Following Passage of the Continuing Resolution, NEA Chairman Frank Hodsoll noted that “in the foreseeable future” the agency would consider among its highest priorities the support of arts education programs, local support groups for the arts, and assessing whether economic pressures are forcing arts institutions to compromise on the quality of productions. In an Oct. 17 interview in The New York Times, Hodsoll noted the Endowment had yet to decide whether the problem of “artistic deficit” is a real one, and if so, to determine the severity of the problem. “The ‘artistic deficit’ is worrisome,” he said, “The question is whether it is economics that is driving this, or whether it is a question of aesthetics already moving in that direction.” Hodsoll also noted that the Endowment has “put aside a substantial amount of money” to study the problem during the coming year.

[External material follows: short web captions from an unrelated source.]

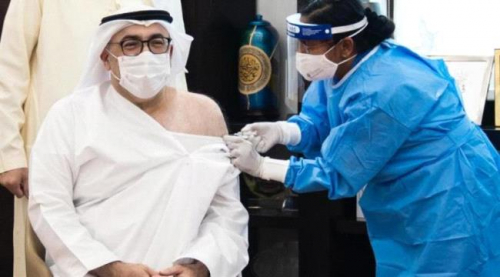 وزير الصحة الإماراتي يتلقى أول جرعة من لقاح «كورونا»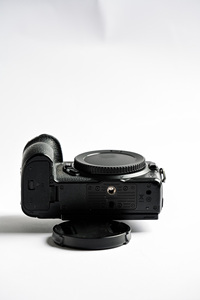 กล้องระดับเริ่มต้น Nikon Z5 24.3MP กล้อง 4K กล้องมิเรอร์เลสเปลี่ยนเลนส์ได้ - Product Image 5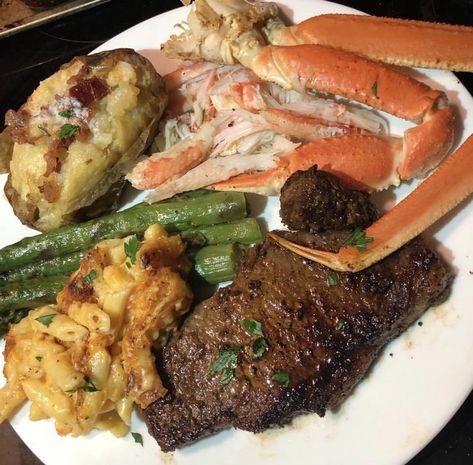 Steak And Crab, Baddie House, Fancy Foods, Snack Craving, Fast Healthy Meals, Crab Legs, Pretty Plates, Food Board, Steak Dinner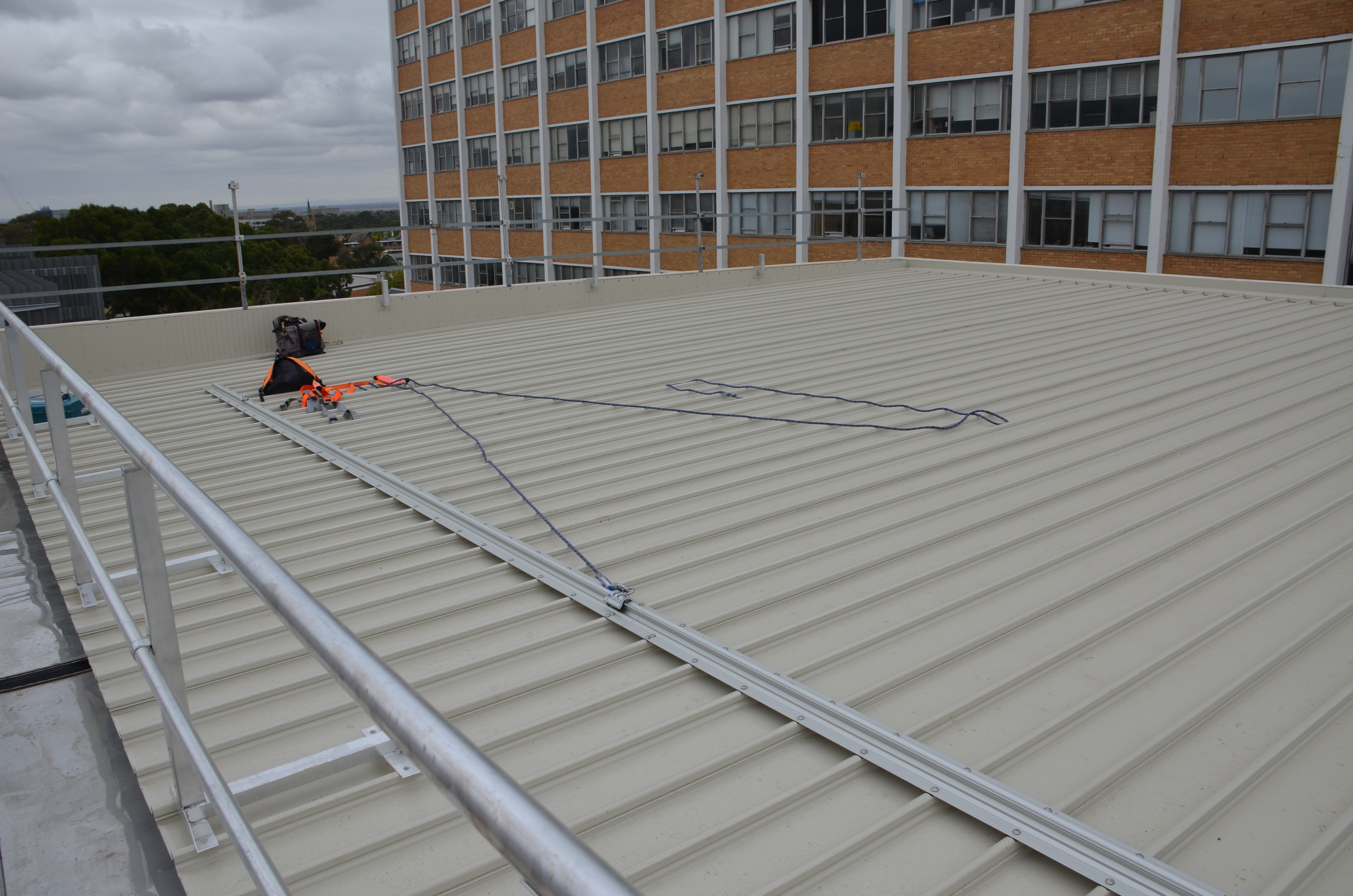 https://archive.abp.unimelb.edu.au/objects/images/Construction/Images/Roof/Fall arrest mechanisms/DSC_6919.JPG https://archive.abp.unimelb.edu.au/objects/images/Construction/Images/Roof/Fall arrest mechanisms/DSC_6919.JPG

In other arts-related legislation, the Continuing Resolution also contains provisions for $4.9 million to be made available to arts institutions in Washington, D.C. during fiscal ’86. The one-time trial “National Capital Region Arts and Cultural Affairs” program will be administered by the National Park Service. Grants of up to $500,000 will be made available to organizations of “demonstrated national significance” which meet at least two of the following criteria: 1) an annual operating budget of at least $1 million; 2) an annual audience or visitation of at least 200,000; 3) a paid staff of at least 100, or 4) eligibility under the Historic Sites Act of
1935. Funds currently provided by the federal government to Ford’s Theatre and Wolf Trap Farm Park for the Performing Arts will be included as a part of this program in fiscal ’86. Originally proposed by the Senate to be administered by the Institute of Museum Services, the program was forward-funded to allow organizations to prepare and submit applications during FY ’85. Theatre organizations likely to be eligible under the announced criteria include Arena Stage, the Folger Theatre and the Kennedy Center.
Also contained in the FY ’85 Continuing Resolution is $3.15 million for arts in education.
The measure included $200 million in fiscal 1987 funds for the Corporation for Public Broadcasting, which is funded two years in advance. However, the $200 million CPB appropriation was vetoed by President Reagan for a second time on Oct. 19. Earlier in the year, Congress had passed by a wide bipartisan margin a spending authorization of $238 million for the CPB in fiscal ’87. After President Reagan’s first veto of the bill in August, Sen. Barry Goldwater (R-AZ) led a compromise effort which arrived at the $200 million figure. In announcing the veto Reagan stated that under the bill “federal funding for public broadcasting would be increased by too much too fast” during a time of “clear and urgent need to reduce federal spending.” Rep. Timothy Wirth (-CO), a principle sponsor of the compromise appropriation bill, re. sponded, “This action by President Reagan has nothing whatsoever to do with budget balancing, but is rather a clear attempt to decimate this nation’s excellent public broadcasting system.
Sonia Landau, recently elected chairman of the corporation, said, “We will continue to work with both the Congress and the Administration to reach a mutually acceptable authorization.”